Lembremos alguns episódios relacionados a juros e câmbio, ainda que em circunstâncias totalmente diversas das atuais (o que não é problema para o nosso objetivo).

Quando Armínio Fraga assumiu a presidência do Banco Central, no início de 1999, e, acertadamente, dobrou a taxa de juro temporariamente para 45% ao ano, a maior do mundo, não precisava saber se o saldo da conta de capitais era positivo ou negativo, nem se o juro real esperado da aplicação externa no Brasil era positivo ou negativo. Bastava observar que a liberação do câmbio, no dia 15 de janeiro, estava a gerar uma elevação descontrolada do preço do dólar. O instrumento de controle eram os juros, e ponto final. Para isso era suficiente conhecer a farta evidência empírica internacional que mostra que a sensibilidade marginal do fluxo de capitais à taxa de juros é positiva em qualquer época recente e em qualquer lugar do mundo.

Um pouco de observação histórica pregressa ao ano de 1999, quando da crise financeira na Ásia, em 1977, mostra o mesmo tipo de atitude. Na Coréia do Sul, por exemplo, o preço do dólar passou rapidamente de menos de mil wons para aproximadamente 2 mil wons. Para evitar a trajetória explosiva, as taxas de juros foram elevadas para 35%. Como requer a teoria, e como no caso brasileiro, também pelo período de tempo estritamente necessário para reverter o problema de comportamento de rebanho das expectativas.
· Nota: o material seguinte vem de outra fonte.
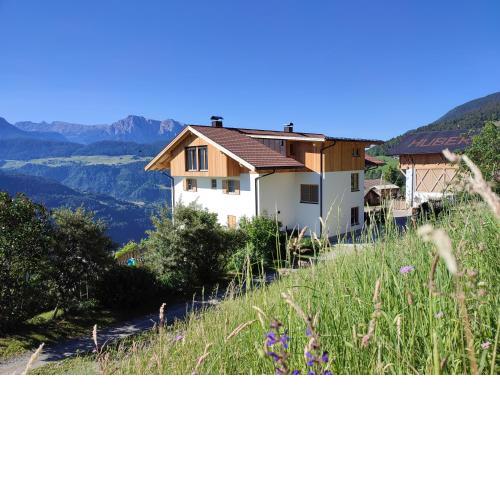 Huberhof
Por definição, quem eleva os juros acha que a taxa inicial está baixa. Portanto, para esses formuladores de política econômica, a taxa estava baixa naquele ponto do tempo, independentemente do nível então existente do fluxo de capitais ou do rendimento esperado dos investidores. O que interessava era que o fluxo de capitais tinha caído abruptamente, e não o seu nível inicial. O mesmo se aplicava aos rendimentos reais esperados dos investidores.

Como a distinção, fundamental para economistas, entre variações e níveis (o conceito de marginalidade), bem como os fatos acima relatados podem nos ajudar na análise da situação atual do preço do dólar?

Primeiro, deixando clara a grande diferença que existe entre dizer que a elevação da demanda externa pelas nossas exportações ajudou a valorizar o câmbio (o que é correto) e que ¿o câmbio se valorizou em função da entrada de dólares do balanço comercial¿. Tal diferença fica clara, em particular, quando se observa que o primeiro argumento, marginal, de variação de demanda, se aplica seja quando os saldos comerciais são positivos ou negativos. Por outro lado, como os preços e as quantidades se determinam simultaneamente, dizer que o câmbio se valorizou em razão de saldos comerciais positivos é como dizer que o paciente vítima de atropelamento morreu porque o seu coração deixou de bater. A afirmativa é identicamente correta, mas desprovida de conteúdo informativo. Em particular, não ajuda a vislumbrar o fato de que o câmbio deverá desvalorizar-se quando se reduzir a demanda externa pelos nossos produtos, independentemente de o saldo comercial à época ser positivo ou negativo.

Os exemplos acima, ainda que em circunstâncias diversas das atuais, ajudam a esclarecer o fato de que não é producente tentar inferir se o atual patamar de juros é ou não responsável pela valorização cambial. Sistemas de equações com inúmeras variáveis em geral não são recursivos e, conseqüentemente, não permitem soluções desta forma causal, discursiva. O importante é saber se, de forma macroeconomicamente consistente, o juro pode ou não cair. Isto posto, não há necessidade de trazer à discussão se os fluxos de capitais são positivos ou negativos, ou se o retorno esperado dos investidores está acima ou abaixo de zero. É perda de tempo.

No contexto aqui exposto, em que não se questiona a reposta marginal positiva dos fluxos de capitais aos diferenciais de rendimentos, para afirmar que o câmbio está valorizado em razão dos juros elevados, basta poder admitir que os juros poderiam ser mais baixos, sem que com isso a política de metas de inflação fosse ameaçada. Como para que isto ocorra há a necessidade de medidas complementares na área fiscal, conclui-se que toda esta discussão atual a respeito do reflexo dos juros sobre o câmbio, na verdade, apenas reflete a percepção implícita de cada indivíduo sobre tais medidas complementares serem ou não factíveis.